Chicago Loop Alliance Announces Return of Sundays to State Events – Streetsblog Chicago

At their annual meeting last Thursday, the Chicago Loop Alliance announced the member organization’s plans for the coming year, including the return of popular public programming like Sundays on State and the relaunch of the arts project. ACTIVATE pre-pandemic alleyway. (The Chicago Loop Alliance is one of several managers of “special service areas” in the city, which uses a small amount of property tax money to host events and promote businesses in their area.)

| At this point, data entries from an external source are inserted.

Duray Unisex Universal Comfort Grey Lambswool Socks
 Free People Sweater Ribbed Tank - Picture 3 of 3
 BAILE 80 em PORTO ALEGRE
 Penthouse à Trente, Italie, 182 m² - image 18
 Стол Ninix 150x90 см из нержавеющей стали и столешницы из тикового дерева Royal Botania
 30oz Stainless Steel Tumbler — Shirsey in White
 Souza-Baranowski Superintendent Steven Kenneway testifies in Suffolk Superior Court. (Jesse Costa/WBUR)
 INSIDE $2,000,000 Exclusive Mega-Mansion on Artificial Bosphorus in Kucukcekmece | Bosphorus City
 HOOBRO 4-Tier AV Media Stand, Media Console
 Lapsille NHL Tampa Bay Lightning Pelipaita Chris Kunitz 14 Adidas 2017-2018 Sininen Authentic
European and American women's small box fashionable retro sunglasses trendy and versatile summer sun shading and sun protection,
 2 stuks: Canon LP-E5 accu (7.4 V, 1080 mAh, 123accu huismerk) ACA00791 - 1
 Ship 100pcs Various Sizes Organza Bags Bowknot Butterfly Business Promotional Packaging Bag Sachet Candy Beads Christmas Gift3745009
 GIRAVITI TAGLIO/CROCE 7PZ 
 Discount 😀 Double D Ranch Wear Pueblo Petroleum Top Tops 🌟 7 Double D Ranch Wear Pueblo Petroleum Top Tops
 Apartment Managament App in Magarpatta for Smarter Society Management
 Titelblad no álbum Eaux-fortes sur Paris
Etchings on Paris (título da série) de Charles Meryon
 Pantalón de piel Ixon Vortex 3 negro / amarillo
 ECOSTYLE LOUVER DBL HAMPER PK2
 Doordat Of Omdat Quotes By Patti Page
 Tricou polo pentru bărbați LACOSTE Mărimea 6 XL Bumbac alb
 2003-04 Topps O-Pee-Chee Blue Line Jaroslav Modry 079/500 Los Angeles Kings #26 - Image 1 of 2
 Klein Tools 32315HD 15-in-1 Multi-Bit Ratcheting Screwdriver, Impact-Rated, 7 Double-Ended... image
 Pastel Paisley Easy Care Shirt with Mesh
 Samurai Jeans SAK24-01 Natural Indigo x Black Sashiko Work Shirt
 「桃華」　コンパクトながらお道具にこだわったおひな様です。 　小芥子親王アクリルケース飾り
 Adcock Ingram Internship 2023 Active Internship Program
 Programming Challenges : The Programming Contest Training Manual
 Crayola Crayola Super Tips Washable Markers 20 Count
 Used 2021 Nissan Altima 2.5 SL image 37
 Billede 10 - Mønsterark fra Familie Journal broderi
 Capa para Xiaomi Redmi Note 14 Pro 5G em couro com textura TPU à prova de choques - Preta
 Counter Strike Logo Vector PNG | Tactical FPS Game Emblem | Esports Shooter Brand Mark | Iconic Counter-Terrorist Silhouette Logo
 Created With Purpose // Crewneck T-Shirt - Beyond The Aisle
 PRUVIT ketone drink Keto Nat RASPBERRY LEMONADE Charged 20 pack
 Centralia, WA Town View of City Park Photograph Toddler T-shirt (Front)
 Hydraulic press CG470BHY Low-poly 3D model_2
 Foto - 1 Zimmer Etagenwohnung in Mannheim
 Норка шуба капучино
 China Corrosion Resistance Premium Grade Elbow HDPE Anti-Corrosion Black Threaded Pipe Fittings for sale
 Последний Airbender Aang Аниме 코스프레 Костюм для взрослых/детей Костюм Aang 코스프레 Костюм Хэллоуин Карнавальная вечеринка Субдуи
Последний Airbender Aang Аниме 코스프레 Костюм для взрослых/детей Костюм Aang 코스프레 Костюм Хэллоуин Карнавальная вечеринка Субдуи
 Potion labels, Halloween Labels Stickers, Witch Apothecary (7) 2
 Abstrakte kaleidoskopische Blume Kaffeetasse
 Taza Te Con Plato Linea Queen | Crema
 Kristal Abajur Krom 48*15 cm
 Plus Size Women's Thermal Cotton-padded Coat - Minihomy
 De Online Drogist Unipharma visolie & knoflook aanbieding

In response to the lingering pandemic last summer, CLA closed State Street to vehicular traffic from Lake to Madison for eight Sundays, hosting a series of block parties with performances, fitness classes, kid-friendly activities , expanded outdoor dining for restaurants and outdoor vending for small businesses. The series of events proved to be a highlight of free public programming in 2021, attracting thousands of people from all over the city and, according to CLA’s pedestrian counting system, bringing visitor numbers back from downtown to pre-pandemic levels and above for the first time. .

According to the press release, the Sundays on State will expand into 2022. No dates or details of street closures have yet been announced, but we hope the larger vision includes full pedestrianization of the footprint of the festival. In its first year, the party was cut out by cross-traffic in Randolph, Washington, and Madison. Streetsblog continues to encourage CLA – and the City of Chicago, which must approve CLA’s proposal – to prioritize participating artists, small businesses, and participants over cars by completely closing the stretch of roadway on Sundays. from the state to vehicles during the event, as street festivals in city neighborhoods have been doing this successfully for years.

CLA also announced the reboot of ACTIVATE, a day-long event that filled the aisles of the Loop with art, music and performances; date and details to come.

Also of note is CLA’s announcement that they will take over the Elevate State Corridor Planning Project which, due to the centrality of community input to the process, was tabled at the height of the pandemic. Elevate State was first announced in February 2020.

The plan’s roadmap is divided into three categories – location, mobility and market – each led by a different advisory group. The mobility category will be led by Arup, the design firm behind the transformation of an industrial area in Long Island City into an 11-acre park and the first shared street in Brooklyn. Streetsblog will follow the Elevate State planning process with particular attention to the mobility priorities of biking, walking, and transit; ride hail and parking; and gateway.